Je vais plus loin : si la chambre, ce qu'à Dieu ne plaise, n'admettait pas la proposition du gouvernement, je serais logique, la chambre voudrait accorder 80,000 hommes, je voterais contre les 80,000 hommes ; 60,000 hommes, je voterais contre les 60,000 hommes ; 40,000 hommes, je voterais contre ; 20,000 hommes, je voterais contre. Il ne me faudrait plus alors qu'un régiment de gendarmerie pour maintenir la police à l'intérieur. En agissant ainsi, je suis sûr que je ne serais que l'écho, que l'organe des sentiments patriotiques du pays, 80,000 hommes étant trouvés insuffisants, à quoi bon grever le pays de lourds impôts destinés à entretenir une armée qui ne pourrait pas nous défendre ?

Mais, messieurs, vous voterez tous comme moi ; car tous, j'en ai la conviction, vous êtes patriotes, et être patriote, c'est aimer, c'est haïr, c'est sentir comme aime, comme hait, comme sent son pays.

Transiger sur le chiffre nécessaire à la défense de nos frontières, jamais ! On ne transige pas sur l'honneur, sur l'indépendance de son pays.

Si, ce qu'à Dieu ne plaise, la chambre refusait au gouvernement le chiffre d'hommes qu'il croit nécessaire pour la défense de notre territoire ; eh bien, dans ce cas au moins je pourrais me retirer tranquille. Ma conscience me dirait : « Tu as fait ton devoir. »

Et si jamais plus tard de tristes prévisions devaient se réaliser, oh ! quant à moi, je crois que je m'éloignerais de ce pays ; car il me semble que je ne pourrais supporter la vue du drapeau étranger flottant au haut de nos édifices publics.

(page 1321) M. Renard, commissaire du Roi. - Après les discours chaleureux et éloquents que vous venez d'entendre, j'éprouve quelque méfiance à vous entretenir de mes froides considérations de métier. J'ai donc besoin de toute la bienveillance, de toute l'indulgence de la chambre. Heureusement, la cause que je défends a tant de grandeur par elle-même que les arguments mis en avant pour la soutenir n'ont pas besoin, pour fixer l'attention d'une chambre dont le patriotisme est si éclairé, d'être rehaussés par les pompes du langage. Je me permettrai donc de les énoncer dans toute leur simplicité.

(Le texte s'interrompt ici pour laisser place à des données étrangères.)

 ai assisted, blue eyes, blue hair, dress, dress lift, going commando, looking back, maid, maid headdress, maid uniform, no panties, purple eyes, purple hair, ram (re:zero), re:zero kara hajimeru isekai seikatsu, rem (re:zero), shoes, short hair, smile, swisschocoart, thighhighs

Le projet du gouvernement a été attaqué dans cette enceinte au point de vue du chiffre de son effectif, et au point de vue des éléments qui le composent. On a blâmé la constitution de la réserve, on vous l'a représentée comme insuffisante, illusoire ; d'un autre côté on a représenté l'effectif de notre armée de campagne comme exagéré, et on vous demande de le réduire de moitié.

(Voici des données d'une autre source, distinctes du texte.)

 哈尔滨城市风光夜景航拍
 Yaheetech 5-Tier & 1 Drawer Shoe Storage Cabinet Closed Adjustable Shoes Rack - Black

L'honorable membre qui s'est donné la mission de développer cette opinion dans votre sein, s'est fait l'écho d'idées qui, depuis longtemps, avaient été émises hors de la chambre.

Deux systèmes, en effet, s'étaient produits au sujet de la défense nationale ; et ils ont donné lieu, devant la commissioa de défense, à de longs débats.

Les uns disaient : Ce sont nos places fortes qui, seules, aux yeux des puissances, donnent de l'importance à la Belgique ; vous devez faire les plus grands sacrifices pour les conserver. Il serait chimérique de votre part de tenter une résistance utile en campagne. Cette résistance est impossible. La guerre, quand elle viendra, sera semblable au torrent qui renverse tout sur son passage. Lorsqu'il aura passé sur vos plaines, il ne restera debout que vos forteresses. Gardez-les donc avec soin. C'est là qu'est votre sûreté, votre salut. Si, après avoir assuré leur conservation, vous pouvez entretenir une armée de campagne, tant mieux ; mais pour elle, il n'y a ni maximum, ni minimum. C'est un auxiliaire qui peut être utile, mais auquel on ne doit consacrer que les sommes dont le pays peut disposer sans obérer ses finances.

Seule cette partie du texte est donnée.